The timing of IPEM this year couldn’t have been more relevant. As global markets continue to wobble and recession looms, investors worldwide are reassessing their portfolios and how they can best protect (and grow) their money. In such periods, few sectors tend to attract more interest than private markets, offering diversified, uncorrelated and risk-adjusted returns.
This rise in interest is clear, with Peregrine’s latest Alts 50 Report showing that 74% of alternative managers have grown their brand awareness in the last 12 months.
Walking through rows of exhibiting GPs, it was clear to me that marketing budgets are not short of “dry powder”. Sizeable displays, neatly-designed takeaways and high-class receptions were just some of the ways firms were looking to attract the attention of LPs – who always play the role of the golden snitch at such events.
For some – particularly the larger players – being present at these events is often enough to get the meetings you want. For the other 95%, however, they need to find a way to stand out from one another; yet many didn’t hit the mark with their efforts.
Looking around, it was obvious that whilst many had invested in their visual branding, relying on this alone to stand out from other firms was futile. This wasn’t just down to the repetitive corporate branding (navy continues to command most market share as the colour of choice) – it was the brand definition.
In order to really differentiate from peers, you have to make sure that your umbrella message delivers your edge efficiently and impactfully – whether that be through a slogan, a short animated video or a flyer – otherwise you risk blending in amongst everyone else.
At IPEM, too many fell into the trap of broadly-worded mission statements and content.
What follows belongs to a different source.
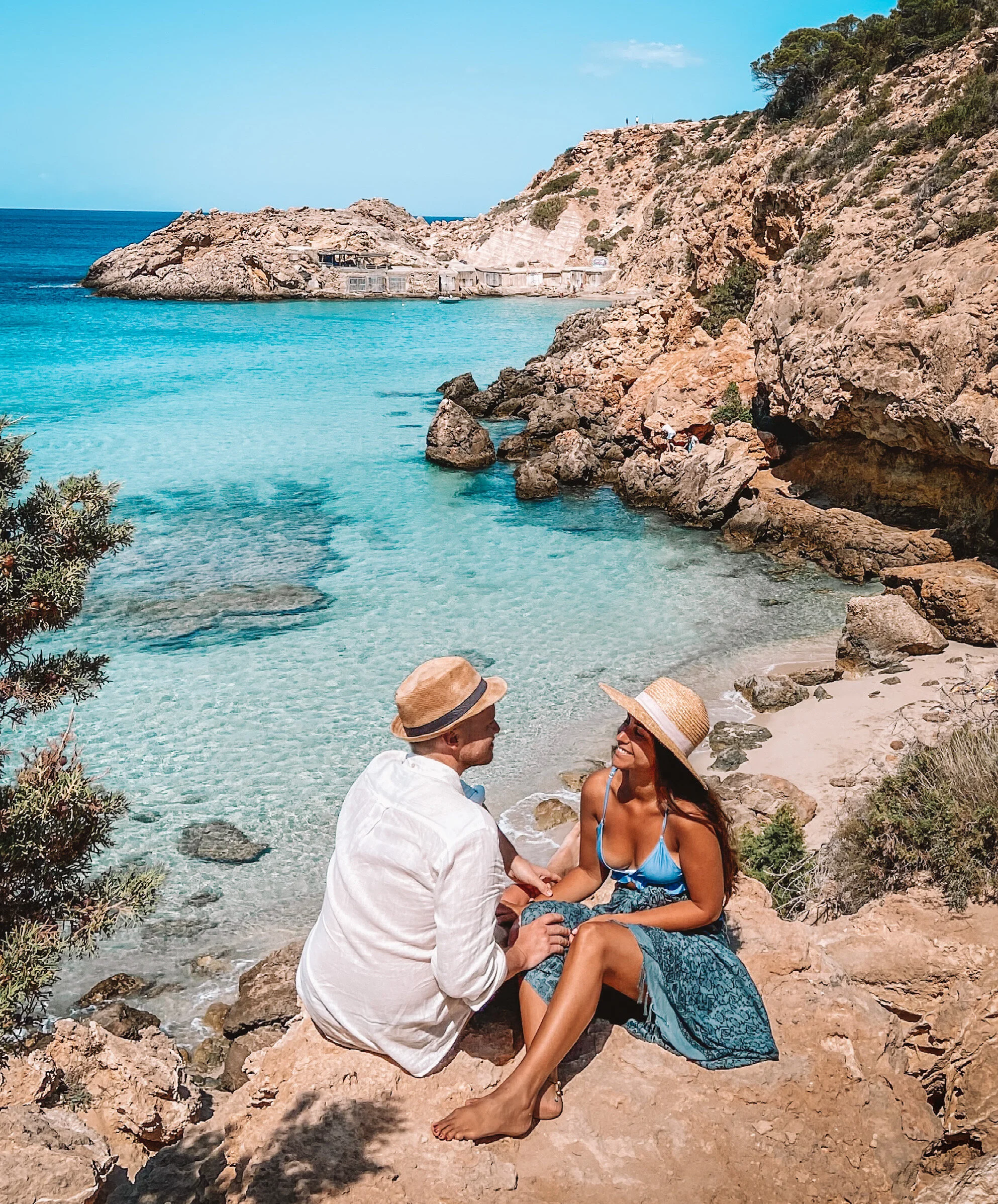 Couple beach photo in Ibiza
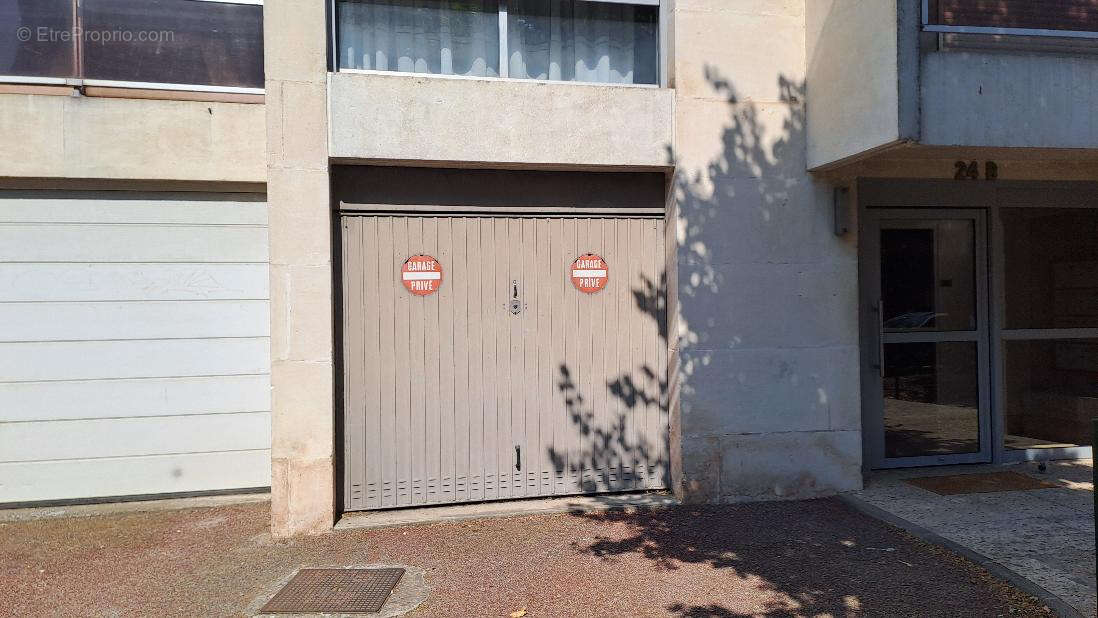 Parking à AVIGNON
Words such as ‘leading’, ‘diversified’ and ‘innovative’ permeated stand to stand, speech to speech, material to material. GPs who are doing interesting work in different sectors, geographies and strategies were handicapped by their own linguistic conservatism – or even perhaps a sense of complacency that the LPs will come anyway.
Why is it so important to differentiate your message? Because your audience needs it.
Let’s start with LPs. Over recent years, their role has grown beyond being that of just an investor and they are now viewed as a lead enabler of change for the private markets sector. From issues of sustainability to diversity, their investment requirements for bidding GPs are becoming ever more detailed, specific and ultimately are expected to be the driving force for the industry’s evolution.
This means that when they’re choosing which GPs to engage with, they increasingly need to have a clear sense of where you stand on issues most important to them, and they will not get that if your message is saying you are a leading, diverse and innovative manager with no specificity.
The same applies to employees you are looking to attract, target companies during a competitive tender, or even media you speak to during an interview.
Everyone wants to know what sets you apart from the next private markets firm, and many won’t give you the attention you are after if that USP isn’t front and centre of your positioning.
So how do you better define your brand?
Ahead of creating any marketing collateral for a conference like IPEM, or indeed conducting any external communications, you need to take a thorough, introspective look at your defining characteristics – whether they be culture, sector or geography related.
By agreeing what your key messages are from the offset, it ensures that any subsequent output clearly defines and differentiates your business and gives you the best chance of positively impacting your target audience – whether that be an LP stopping by your stand, industry talent browsing your website, or a journalist speaking to your CEO.
We are often told that in order to thrive we need to know who we really are – GPs are no different, and as their moment in the spotlight comes, they should make every effort to figure it out as soon as possible.